Continuing tales of U.S. and “coalition” torture, far beyond Abu Ghraib prison, will have a similar impact on rage and recruitment. Again, I am leaving aside moral objections.
A news report: “’This notion that the United States is getting ready to attack Iran is simply ridiculous,’ Bush told a news conference after talks with European Union leaders. ‘Having said that, all options are on the table,’ he added, drawing laughter at a clear reference to military action.”
A 2000 document issued by a body to which Dick Cheney, Donald Rumsfeld, Paul Wolfowitz and other high U.S. officials belonged said the group’s hopes for expanding U.S. military power would take a very long time “absent some catastrophic and catalyzing event — like a new Pearl Harbor.” So when 9/11 happened, they had anticipated it to some degree. Donald Rumsfeld and Condoleezza Rice immediately urged it to be used to speed up projects like war on Iraq. I don’t mean they were behind 9/11, or knew it was coming. But they had incorporated such an event in their thinking.

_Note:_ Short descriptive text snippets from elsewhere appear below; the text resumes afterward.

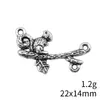 22X14Mm 1.2g Prata Antiga DIY Acessórios de Exportação Venda Quente Conector de Galho de Esquilo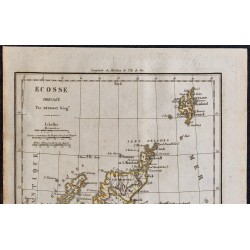 1828 - Carte de l'Écosse 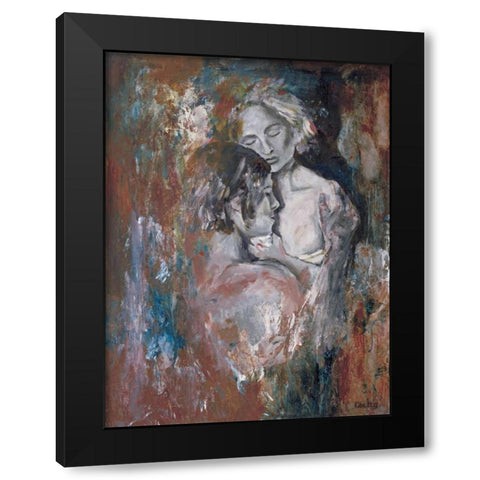 Insieme II Black Modern Wood Framed Art Print by van den Bogerd, Escha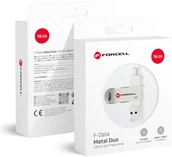 Pendrive - Pendrive 16GB USB 3.2 Gen 1 USB A / USB C Forcell F-Data Metal Duo srebrny - miniaturka - grafika 1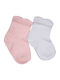 Biorganic Kids Ankle Socks Pink/White 2 Pairs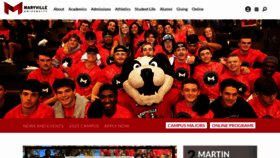 What Maryville.edu website looked like in 2023 (1 year ago)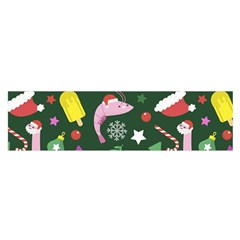 Colorful Funny Christmas Pattern Oblong Satin Scarf (16  X 60 ) by Semog4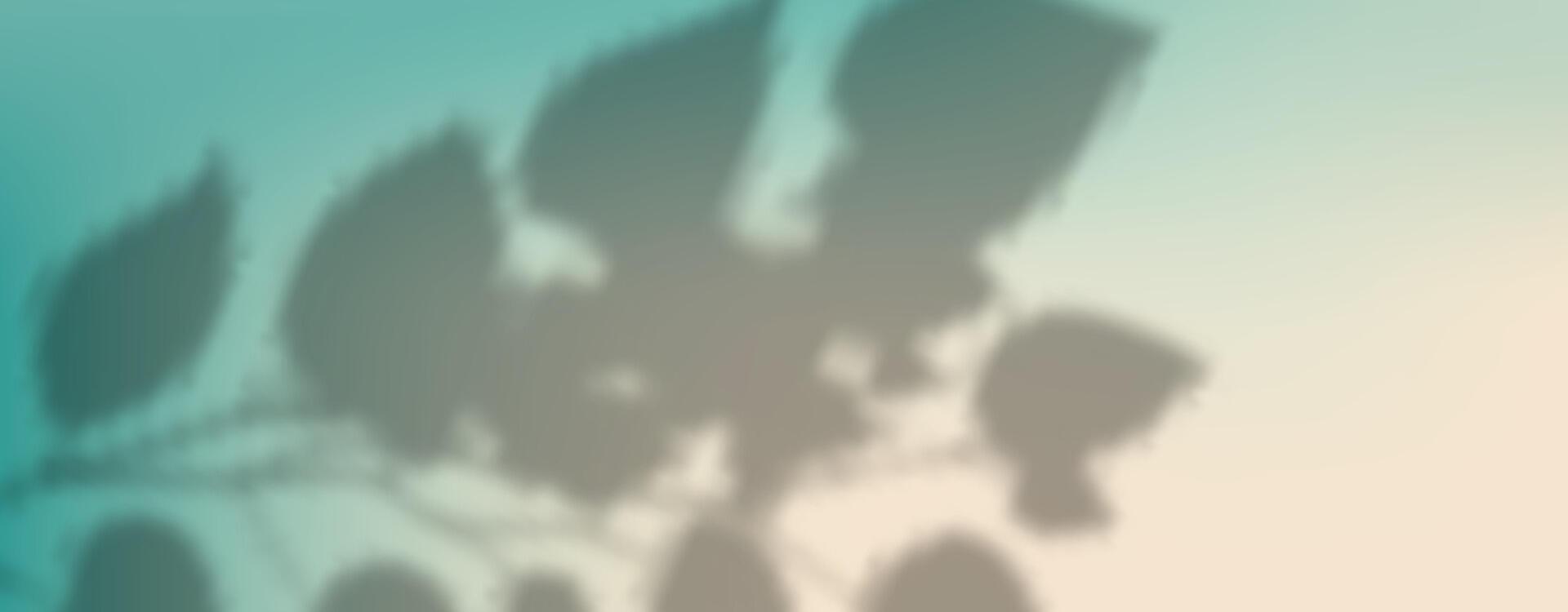 A blurry image of a plant with leaves vector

Now this part is wide awake: We are in a new phase of the post-9/11 era. I am not saying U.S. leaders want another, nuclear 9/11, or are trying to provoke it. But they seem ready to accept it as a likely consequence of their policies and perhaps as even helpful. At any rate, they press on, knowing it is likely and, in honesty, telling Americans so — though they do not admit their policies make it far likelier. How they justify this prospect to themselves we don’t know. As leading to a safer world at high cost? As locking in their vision of U.S. power for a century? As necessary because the first 9/11 didn’t quite solidify their control, they almost lost an election, Iraq hasn’t turned out as expected? As prelude to the Second Coming?
But for those of us who don’t consider, say, one little dirty bomb here an acceptable cost, it’s worth being aware of their assumptions. The single hardest thing for citizens under elected governments to grasp is why their chosen leaders might pursue goals that would seem hideous to almost everyone else in the society.
A note on method: I am aware that recounting a dream is not normal practice. But I believe many useful insights originally appear in idiosyncratic ways: a sudden image, association or mental leap. Then we back up and try to justify them as emerging from a logical, impersonal train of thought. I’m just skipping that phase. Besides, a friend said: “If you’d seen it in a movie, no one would mind you using it in a column.”